A mi otro lado se encontraba un pequeño grupo de músicos y cantores de la Casa del Canto, que dirigía un joven sacerdote con una caracola.

Cautelosamente, y sin apartar los ojos del viejo rostro que me miraba con animosidad desde el otro lado de la hoguera, ocupé mi sitio dispuesto a unirme a la vigilia.

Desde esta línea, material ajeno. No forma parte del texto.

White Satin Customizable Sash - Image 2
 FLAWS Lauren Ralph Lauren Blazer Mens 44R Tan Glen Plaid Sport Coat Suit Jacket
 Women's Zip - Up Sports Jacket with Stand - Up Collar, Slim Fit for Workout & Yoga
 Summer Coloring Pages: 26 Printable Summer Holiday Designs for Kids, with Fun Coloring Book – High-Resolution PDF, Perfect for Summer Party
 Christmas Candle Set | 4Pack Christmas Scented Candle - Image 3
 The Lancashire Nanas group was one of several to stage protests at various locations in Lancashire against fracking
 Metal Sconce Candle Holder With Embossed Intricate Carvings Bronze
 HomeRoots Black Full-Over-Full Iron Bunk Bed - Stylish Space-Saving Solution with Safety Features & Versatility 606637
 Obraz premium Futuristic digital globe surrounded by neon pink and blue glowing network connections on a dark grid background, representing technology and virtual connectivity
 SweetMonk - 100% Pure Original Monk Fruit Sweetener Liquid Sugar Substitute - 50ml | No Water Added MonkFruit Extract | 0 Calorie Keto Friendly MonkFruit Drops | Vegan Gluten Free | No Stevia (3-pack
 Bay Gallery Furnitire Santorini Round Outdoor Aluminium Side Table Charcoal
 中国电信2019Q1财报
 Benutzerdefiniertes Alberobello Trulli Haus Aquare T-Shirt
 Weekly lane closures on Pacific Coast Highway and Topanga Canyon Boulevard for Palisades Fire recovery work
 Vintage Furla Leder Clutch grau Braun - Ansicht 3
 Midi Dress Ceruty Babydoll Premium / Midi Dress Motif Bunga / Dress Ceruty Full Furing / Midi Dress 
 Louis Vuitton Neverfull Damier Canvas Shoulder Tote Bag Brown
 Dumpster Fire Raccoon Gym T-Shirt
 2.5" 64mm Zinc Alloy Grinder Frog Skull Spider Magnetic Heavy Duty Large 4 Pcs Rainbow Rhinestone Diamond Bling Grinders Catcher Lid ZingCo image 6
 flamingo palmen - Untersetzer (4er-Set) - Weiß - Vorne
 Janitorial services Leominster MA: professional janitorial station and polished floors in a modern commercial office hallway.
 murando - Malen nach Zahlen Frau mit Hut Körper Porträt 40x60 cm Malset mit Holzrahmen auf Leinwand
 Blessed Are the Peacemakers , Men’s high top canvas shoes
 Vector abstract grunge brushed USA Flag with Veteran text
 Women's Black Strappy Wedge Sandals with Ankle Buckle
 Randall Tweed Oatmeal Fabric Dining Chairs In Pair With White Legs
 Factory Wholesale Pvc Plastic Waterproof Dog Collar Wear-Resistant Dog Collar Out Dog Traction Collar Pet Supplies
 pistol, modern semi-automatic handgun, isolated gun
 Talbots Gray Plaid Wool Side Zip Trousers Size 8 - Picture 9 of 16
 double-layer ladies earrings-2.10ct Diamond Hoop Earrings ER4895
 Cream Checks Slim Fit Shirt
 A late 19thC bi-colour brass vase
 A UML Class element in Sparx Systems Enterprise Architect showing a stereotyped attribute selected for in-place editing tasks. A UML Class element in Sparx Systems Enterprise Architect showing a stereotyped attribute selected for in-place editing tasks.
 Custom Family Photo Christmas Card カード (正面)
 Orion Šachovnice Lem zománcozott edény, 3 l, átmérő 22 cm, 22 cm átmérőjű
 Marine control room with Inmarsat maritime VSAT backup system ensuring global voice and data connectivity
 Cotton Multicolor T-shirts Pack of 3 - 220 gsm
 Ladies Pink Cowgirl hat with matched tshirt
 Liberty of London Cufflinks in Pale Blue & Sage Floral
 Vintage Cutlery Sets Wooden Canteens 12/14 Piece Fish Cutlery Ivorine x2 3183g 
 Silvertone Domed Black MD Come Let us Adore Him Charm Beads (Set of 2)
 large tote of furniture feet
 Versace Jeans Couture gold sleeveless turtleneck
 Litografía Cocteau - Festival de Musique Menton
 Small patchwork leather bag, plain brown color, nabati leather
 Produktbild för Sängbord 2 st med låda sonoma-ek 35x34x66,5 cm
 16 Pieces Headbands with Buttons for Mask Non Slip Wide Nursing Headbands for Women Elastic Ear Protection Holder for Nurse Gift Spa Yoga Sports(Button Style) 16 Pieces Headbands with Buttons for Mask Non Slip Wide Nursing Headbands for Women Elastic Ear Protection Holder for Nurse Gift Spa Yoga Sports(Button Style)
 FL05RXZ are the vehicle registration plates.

Sumé mi voz a las demás que cantaban un antiguo himno a Tláloc:

En México

tomamos los bienes de los dioses

entre banderas de papel

y en las cuatro zonas

los hombres están de pie

y también es su momento de llorar…

Miré al propio Tláloc, el dios de la lluvia, que también era una de las montañas que mi madre y hermanas habían modelado con la pasta de semillas de amaranto y habían colocado en su pequeña estera, entre sus compañeros divinos. Los dientes y los ojos brillaban como ascuas con la luz de las llamas y las prendas de papel confeccionadas por los sacerdotes resplandecían. Unas extrañas sombras se movían sobre el papel, las siluetas de sus instrumentos: el tambor, el sonajero hecho con una calabaza seca y el caparazón de tortuga que estaban en la estera. También tenía comida y bebida. Un plato de tamales en miniatura y un cuenco con vino sagrado. Era su primera y última comida, porque junto con todos los demás dioses y las montañas sagradas que lo rodeaban, estaba condenado a morir con la salida del sol.